Storia
Putin accusa i precedenti leader russi della «distruzione del Paese»
La Russia non sacrificherà mai i suoi interessi nazionali nel tentativo di migliorare le relazioni con un’altra nazione o un gruppo di stati, ha affermato domenica scorsa il presidente Vladimir Putin.
Una precedente generazione di leader russi era pronta a rinunciare a tutto per unirsi al cosiddetto «mondo civilizzato» guidato da Washington e dai suoi alleati, ha affermato, aggiungendo che ciononostante non avevano ottenuto nulla perché l’Occidente non aveva mai avuto intenzione di accettare la Russia come un pari.
«Nella nostra storia moderna, abbiamo attraversato un periodo in cui la precedente generazione di politici… è arrivata al punto di distruggere il proprio Paese nella speranza che la Russia diventasse parte del cosiddetto “mondo civilizzato”», ha detto Putin in un’intervista pubblicata dal giornalista di Russia 1 TV Pavel Zarubin su Telegram.
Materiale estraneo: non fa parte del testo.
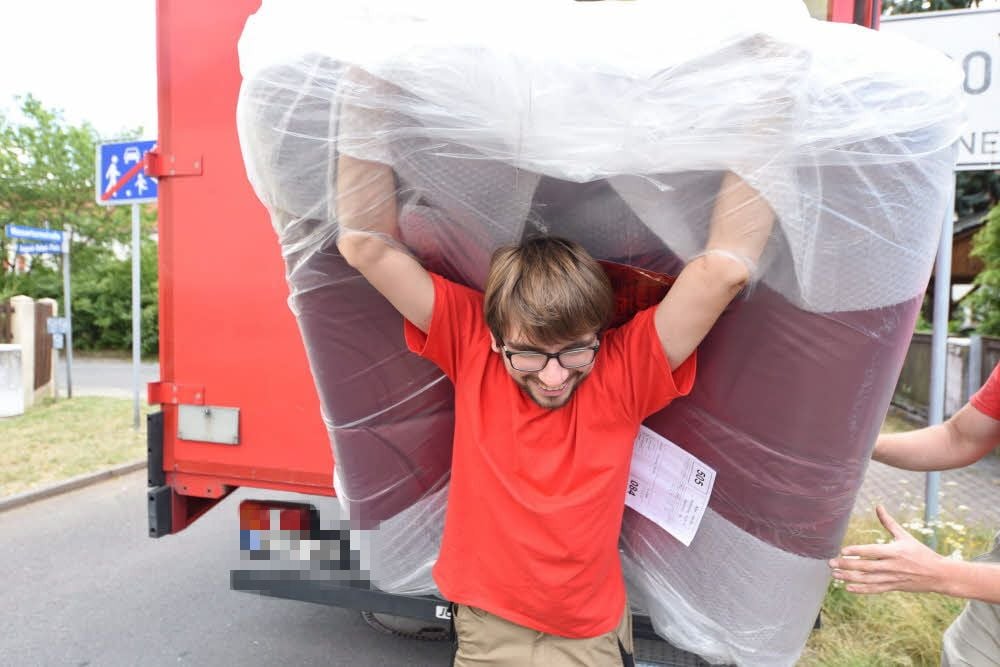 Hände hoch und los: Es sei besser sich die Last auf den Rücken zu packen, erklären mir die Profis.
Il presidente si riferiva apparentemente al periodo successivo al crollo dell’Unione Sovietica, quando la Russia era sprofondata in una profonda crisi mentre il suo nuovo governo cercava di passare rapidamente dall’economia pianificata sovietica al capitalismo
Nel 1998 vi fu il default di Mosca, con il governo e la Banca Centrale dovettero anche svalutare il rublo e dichiarare inadempiente il debito, in quella che è ampiamente considerata la peggiore crisi economica nella storia moderna della nazione.
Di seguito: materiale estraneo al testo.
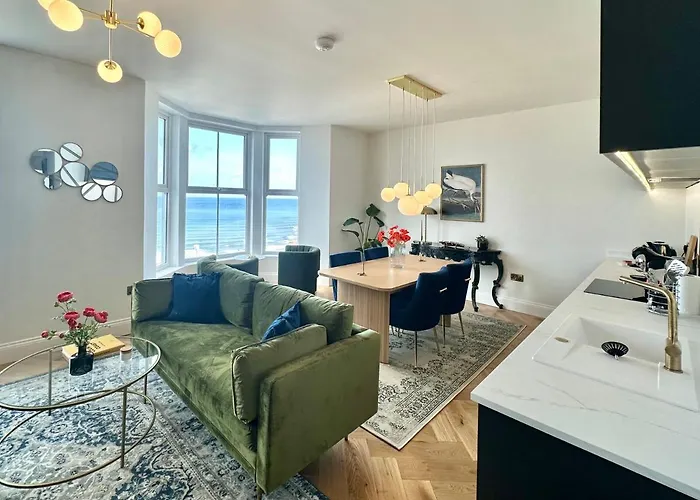 The Admirals Quarters Apartman *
Quel periodo fu anche segnato dalle aspirazioni di Mosca a diventare parte dell’Occidente. Il primo ministro degli esteri della Russia moderna, Andrej Kozyrev, credeva in particolare che Mosca non avrebbe più visto la NATO come una minaccia e avrebbe invece perseguito l’integrazione con le nazioni occidentali. Alla fine fu sostituito da Evgeny Primakov, un uomo noto come il sostenitore di un approccio multiforme alla politica estera della Russia, nel mezzo di un’espansione della NATO più a est.
Secondo Putin, gli Stati Uniti e i suoi alleati non hanno mai pianificato di accettare la Russia come partner alla pari. Invece, hanno cercato la sua totale distruzione. «Non appena le capacità della Russia si sono ridotte e si è indebolita», e l’Occidente ha tentato di «dare il colpo di grazia invece di renderla un partner alla pari e un membro di questo “mondo civilizzato”», ha detto il presidente russo.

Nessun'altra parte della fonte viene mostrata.